Much of Intel’s emphasis in its presentation is on Tiger Lake – a mobile-orientated SoC (system on chip) that is designed to work a 10W to 65W power window, that sees the firm deliver a brand new CPU architecture paired with a radical improvement in integrated graphics power. On the processor side, Tiger Lake sticks with Intel’s preferred four-core/eight-thread CPU configuration, with the new Willow Cove architecture working in tandem with improvements in power efficiency and frequency range to deliver what Intel says is a ‘better than generational leap’ in processing performance.

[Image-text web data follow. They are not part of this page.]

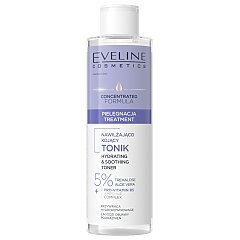 Eveline Cosmetics Skoncentrowana Formuła 1/1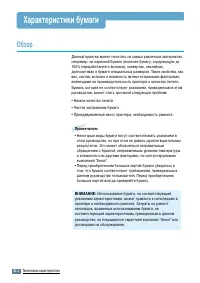 Страница 135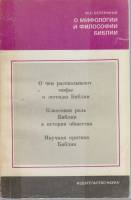 Книга О мифологии и философии Библии 1977 М. С. Беленький Москва Мягкая обл. 168 с. С ч/б илл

Actual numbers were somewhat thin on the ground, but the existing 10th Gen Ice Lake architecture with its Sunny Cove cores topped out at around 4.0GHz, while Intel’s charts suggest that 4.6GHz and perhaps higher is achievable with Willow Cove.
This is backed by a new graphics core that Intel claims delivers a 2x improvement in performance in the same power envelope using a similar amount of silicon area. This sounds like quite a remarkable achievement, but Tiger Lake does seem capable of delivering this based on Intel’s demonstrations. For starters, the 64 EUs (execution units) of Ice Lake are boosted to 96 on Tiger Lake. The EU itself has been comprehensively redesigned to be smaller and more efficient, while clock speeds scale higher.